LONDON: European wheat futures were lower on Friday, dragged down by a fall in US prices, but remained underpinned by brisk export activity at a time when rival exporting regions face weather-related supply problems.
January milling wheat on the Paris futures market was down 1.00 euros or 0.4 percent at 272.75 euros a tonne by 1229 GMT.
On Thursday, it touched a two-week peak of 277.00 euros, close to a contract high of 279.25 euros hit three weeks ago.
Lower-than-expected US wheat exports have triggered a pullback in Chicago prices.
"At the end of the week the market felt like falling after the gains this week," a Paris futures dealer said, noting the failure of US wheat to hit the $9 threshold.
"There were also the US exports that really were disappointing."
The European Union cleared 438,000 tonnes of wheat export licences this week, keeping the volume this season well above the year-earlier level.

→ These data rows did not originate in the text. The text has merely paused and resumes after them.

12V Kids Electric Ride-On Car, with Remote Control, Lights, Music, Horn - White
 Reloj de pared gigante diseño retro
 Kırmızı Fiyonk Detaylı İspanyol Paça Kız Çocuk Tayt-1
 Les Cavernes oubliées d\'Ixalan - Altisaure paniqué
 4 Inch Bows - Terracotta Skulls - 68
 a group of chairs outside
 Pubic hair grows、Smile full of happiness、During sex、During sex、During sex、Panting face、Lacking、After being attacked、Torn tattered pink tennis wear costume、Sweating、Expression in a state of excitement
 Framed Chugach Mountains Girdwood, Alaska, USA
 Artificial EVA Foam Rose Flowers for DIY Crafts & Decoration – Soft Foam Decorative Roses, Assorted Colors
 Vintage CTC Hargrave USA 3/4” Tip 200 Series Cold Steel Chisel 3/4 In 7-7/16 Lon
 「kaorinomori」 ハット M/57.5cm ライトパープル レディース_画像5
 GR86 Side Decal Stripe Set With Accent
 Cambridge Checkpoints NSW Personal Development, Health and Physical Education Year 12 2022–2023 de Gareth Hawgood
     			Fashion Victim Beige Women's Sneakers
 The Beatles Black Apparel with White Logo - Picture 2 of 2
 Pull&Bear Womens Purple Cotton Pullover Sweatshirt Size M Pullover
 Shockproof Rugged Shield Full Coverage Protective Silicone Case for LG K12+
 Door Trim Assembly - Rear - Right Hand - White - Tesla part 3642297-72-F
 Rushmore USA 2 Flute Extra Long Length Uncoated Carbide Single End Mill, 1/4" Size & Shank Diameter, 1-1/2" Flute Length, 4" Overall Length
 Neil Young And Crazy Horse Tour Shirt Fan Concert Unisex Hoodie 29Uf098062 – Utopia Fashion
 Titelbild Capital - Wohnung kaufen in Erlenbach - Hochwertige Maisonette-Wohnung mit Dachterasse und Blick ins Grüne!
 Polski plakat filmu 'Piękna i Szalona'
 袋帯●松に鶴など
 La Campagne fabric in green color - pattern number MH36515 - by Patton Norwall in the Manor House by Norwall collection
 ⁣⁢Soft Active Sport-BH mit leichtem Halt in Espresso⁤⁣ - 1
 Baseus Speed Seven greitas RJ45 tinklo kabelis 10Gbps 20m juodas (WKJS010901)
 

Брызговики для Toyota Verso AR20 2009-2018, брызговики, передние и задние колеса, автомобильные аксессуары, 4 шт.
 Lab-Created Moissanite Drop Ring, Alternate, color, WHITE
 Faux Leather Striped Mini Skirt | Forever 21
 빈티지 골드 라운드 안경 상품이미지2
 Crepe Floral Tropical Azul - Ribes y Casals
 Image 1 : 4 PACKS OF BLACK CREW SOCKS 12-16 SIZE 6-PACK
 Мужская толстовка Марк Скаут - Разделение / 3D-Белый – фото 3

In a tender this week, Algeria bought between 325,000 and 375,000 tonnes of optional-origin milling wheat for February shipment, traders said on Thursday, citing France as the likely supplier.
Prices in Britain were underpinned by difficult planting conditions with many fields saturated since the end of September.
"The area drilled up to the end of November is about 80 percent of the total winter crop area for harvest in 2012," crop consultants ADAS said in a report issued on Friday.
"Later drilled crops and those that were mauled into wet seed beds have struggled to establish. An estimated 7 percent of the drilled area may be unviable depending on the over winter conditions," the report added.
May feed wheat futures in London were off 1.25 pounds or 0.6 percent at 227.75 pounds a tonne.